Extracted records
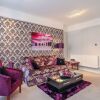 Отель 1-bedroom modern flat just off Oxford st в Лондоне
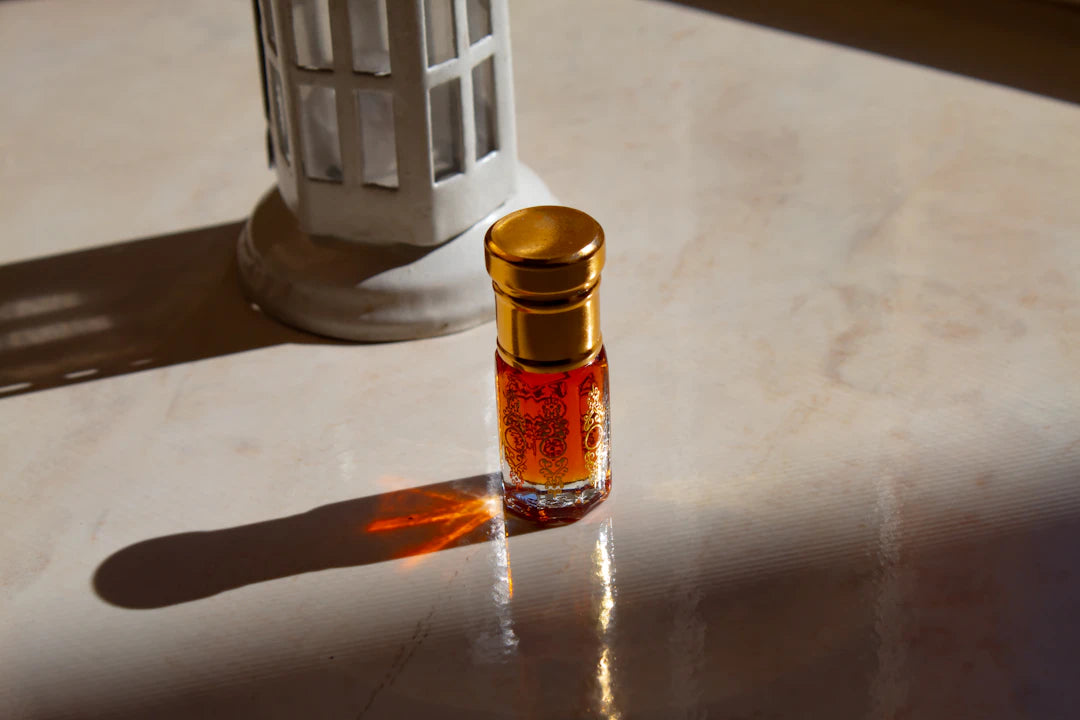 Fragancias Exóticas de Oud para el Hombre Moderno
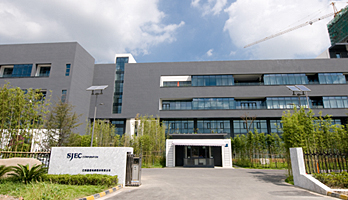 SJEC Corporation (SJEC)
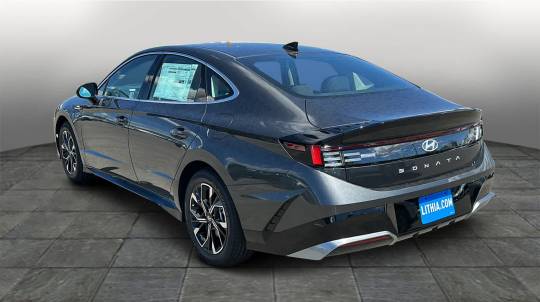 2024 Hyundai Sonata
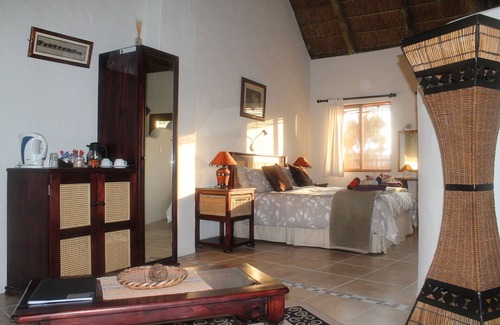 Colchester House | Elephants Footprint Lodge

WORK ORDER - The entries are to be reproduced exactly, excluding any pictures they contain.

RESPONSE FOR THIS EXERCISE -
 Отель 1-bedroom modern flat just off Oxford st в Лондоне
 Fragancias Exóticas de Oud para el Hombre Moderno
 SJEC Corporation (SJEC)
 2024 Hyundai Sonata
 Colchester House | Elephants Footprint Lodge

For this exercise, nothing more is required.